【ポイント解説】「国益中心」で右顧左眄する
早くも尹錫悦政府の外交が迷走している。それも無理はない。これまでこの半島に生まれた政府で、周辺の4強大国を相手に外交で成功した事例はごく僅かなのだから。常に緊張と対立をはらむのは地政学的宿命である。
とはいっても、韓国はなんとかその連立方程式を解いて、国を前へ押し進めて行かなければならない。保守政権が誕生して、「特定国への傾倒」で外交をめちゃくちゃにした文在寅政権の教訓から、「価値共有に基づいた戦略的選択」(李相桓韓国外大教授)とか、「強大国に振り回されない原則ある外交」(同)、「国益の観点から原則と方向を立てて実践」(元載淵論説委員)など、この論説面でも多くの提言が出された。
そして、今回の論説は従来の「価値を共有する」民主主義陣営に軸足を置くというよりも、「国益を優先」して「懸案ごとに判断」していくべきだと説いている。国益を優先すれば、経済的つながりがどこよりも太い中国と「戦略的選択」をして行くということもあり得るわけだ。それが、ペロシ米下院議長には会わずに、中国共産党序列3位には会うという尹大統領の「選択的」外交に現れた。
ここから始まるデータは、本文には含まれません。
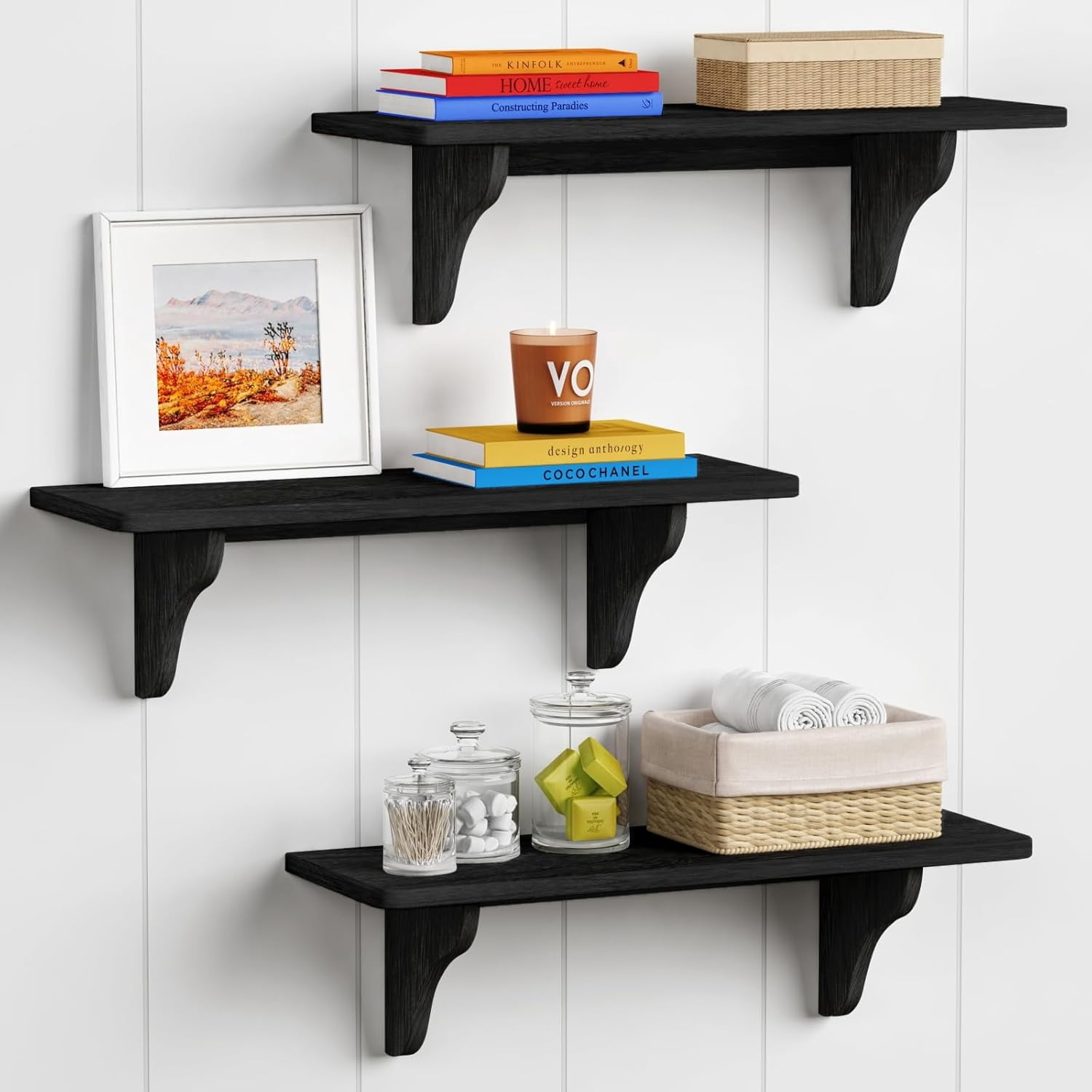 Wall Mounted Shelves for Bedroom 24 Inches Long, 8 Inch Deep Floating Shelves for Wall, Large Hanging Arched Shelf for Kids Bathroom Living Room Office Decor Plants Books (3-Pack, Black)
つまり尹政権は価値を基礎にした同盟や協力関係よりも、国益を中心にして、時々の判断を行うということが本音だと示したのである。
国益優先それ自体は間違ったことではない。だが、これでは歴史上、朝鮮半島が行ってきた外交と何ら変わりはない。対日関係の改善を呼び掛けるのも、韓国の国益に適(かな)うからであり、インド太平洋経済枠組み(IPEF)や「チップ4」に加わるのも国益故だ。
「虎視牛歩」というより右顧左眄(うこさべん)としか映らない。